Chief Executive’s CEOs give Wisconsin three stars for taxes and regulation, and four stars each for workforce quality and living environment. I’m surprised we did as well as three stars for our (too high) taxes and (too much) regulation, but evidently CEOs believe things are going in the right direction.

The magazine quotes two anonymous CEOs:

“We only do business in Wisconsin. Since Gov. Walker was elected we have seen a significant improvement in taxes and business conditions.”

“In our home state of Wisconsin there is a palatable enthusiasm amongst business executives that we are roaring back due to a clear vision of job creation (e.g. mining in the north) and stable state budgets (allowing us to take more risks).”

(The survey took place before Democrats and Sen. Dale Schultz (RINO–Richland Center) killed mining in the north.)

Texas leads the survey, and California ranks dead last. Chief Executive passed on CEO comments about the (formerly) Golden State:

  • California is the worst! They are doing everything possible to drive a business out of their state. If it were not for the climate, they would have lost half their population.
  • California regulations, taxes and costs will leave only tech, life sciences and entertainment as viable. If you aren’t an elitist, no room here for the middle or working classes.
  • California treats business owners like criminals. California has different overtime policies for its own employees vs. private sector.
  • California’s labor regulation is a job killer. We will be moving our business out of the state, which will lose hundreds of jobs simply due to the poor regulatory environment.
  • California should secede from the union—it is like doing business in a foreign country, it has its own exchange rate, and its regulation is crazy.

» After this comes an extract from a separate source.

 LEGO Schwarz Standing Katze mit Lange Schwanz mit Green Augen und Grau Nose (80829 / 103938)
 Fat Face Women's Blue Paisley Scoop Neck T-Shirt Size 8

As for Texas, Chief Executive listed the businesses that chose to move there:

  • Allstate, builds $12 million customer center in San Antonio. Reasons: Weather and lifestyle, plus Spanish-language capabilities.
  • Caterpillar, building plants in Seguin and Victoria. Reasons: Access to cheaper, non-union labor; proximity to ports for exporting.
  • eBay/Pay Pal, hiring more than 1,000 and expanding support facilities in Austin. Reasons: Access to tech talent, $2.8 million from the Texas Enterprise Fund.
  • Facebook opens first U.S. operation outside of California, in Austin. Reasons: Access to creative and technical talent.
  • GE Transportation, announces $96 million locomotive plant in Fort Worth. Reason: Cheaper, non-union labor
  • Grifols USA, California-based subsidiary of Spanish parent, opens blood plasma testing facility San Marcos. Reason: Right skills sets, languages
  • PETCO, in San Diego, opened its first customer support center outside of California in San Antonio in 2011. Reason: Access to cheaper space, skilled workers, funding from the Texas Enterprise Fund.

CEOs are the people who sign off on hiring decisions and expansion and location decisions. So if legislators and would-be governors (this means you, Tom Barrett and Kathleen Falk!) are serious about improving this state as a place to do business, that means they had better listen to business people.

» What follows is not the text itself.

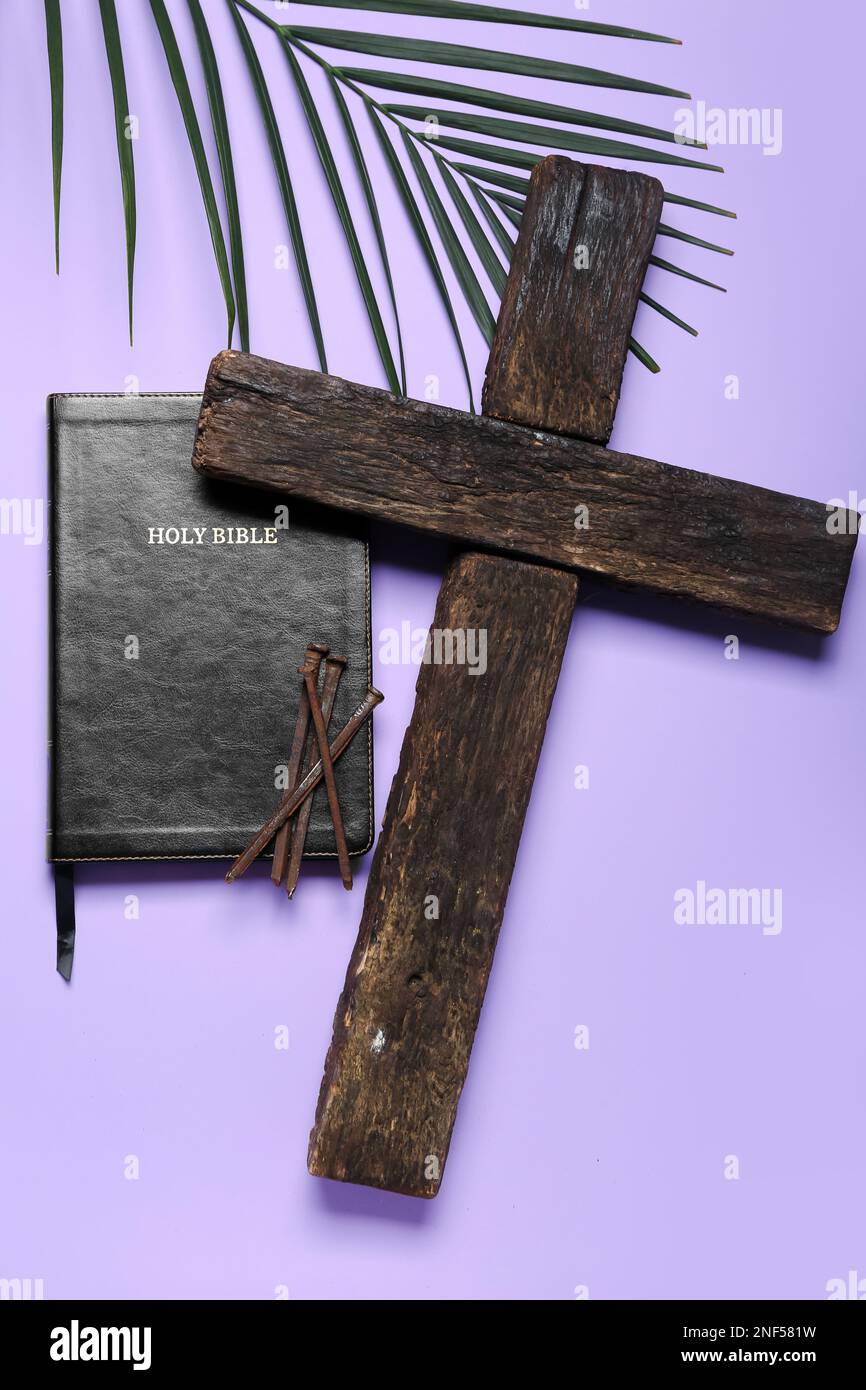 Wooden cross with nails, Holy Bible and palm leaf on lilac background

Speaking of BarrettFalk, Chief Executive noted the Recallarama drama, which is culminating in Walker’s illegitimate recall June 5:

Governor Scott Walker’s battle with the unions in Wisconsin (See “Will Wisconsin Rise Again?”), a state that edged into the top 20 this year for this first time, demonstrates that the struggle for a pro-growth agenda can be contentious. As one Badger State business leader remarked, “Finally, Wisconsin is headed in the right direction.”

Chief Executive adds stats that serve to condemn Walker’s predecessor, Gov. James Doyle, and the previous party in charge in the Legislature. Wisconsin’s gross state product dropped 1.45 percent between 2007 and 2010, which is a 33-percent worse drop than the equivalent drop in Gross Domestic Product. During the 2000s, nearly 12,000 more people moved out of Wisconsin than moved into Wisconsin. And to use a fact that condemns both Doyle and Walker, state and local taxes are 18 percent higher than the national average.

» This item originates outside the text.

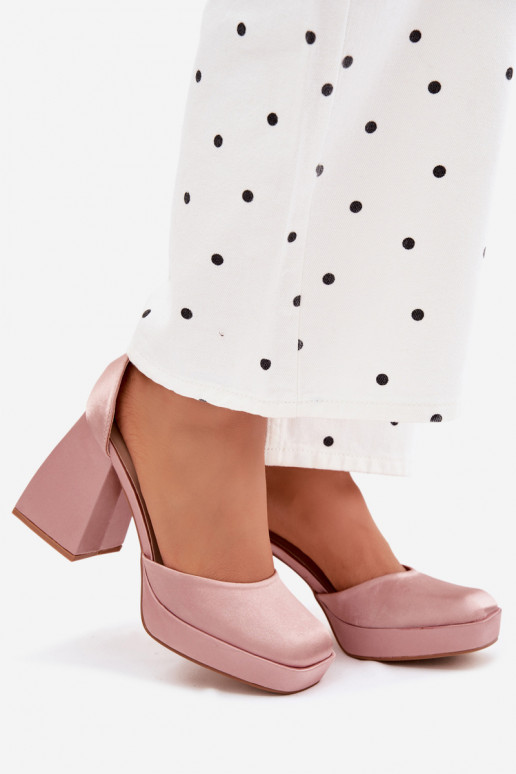 sandaalid kõrge jämeda kontsagaSatynosisseym INykończeniem Szampańskie Calistae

I’ve maintained Wisconsin hasn’t done enough to improve the state’s business climate, and Wisconsin certainly hasn’t cut taxes to any appreciable extent. But apparently the progress Wisconsin has made has gotten notice. The survey lists the state’s Development Trend as “positive,” summarizing, “New conservative statehouse is shaking things up, drawing business favor.”

Whether that continues depends on what happens June 5 and Nov. 6.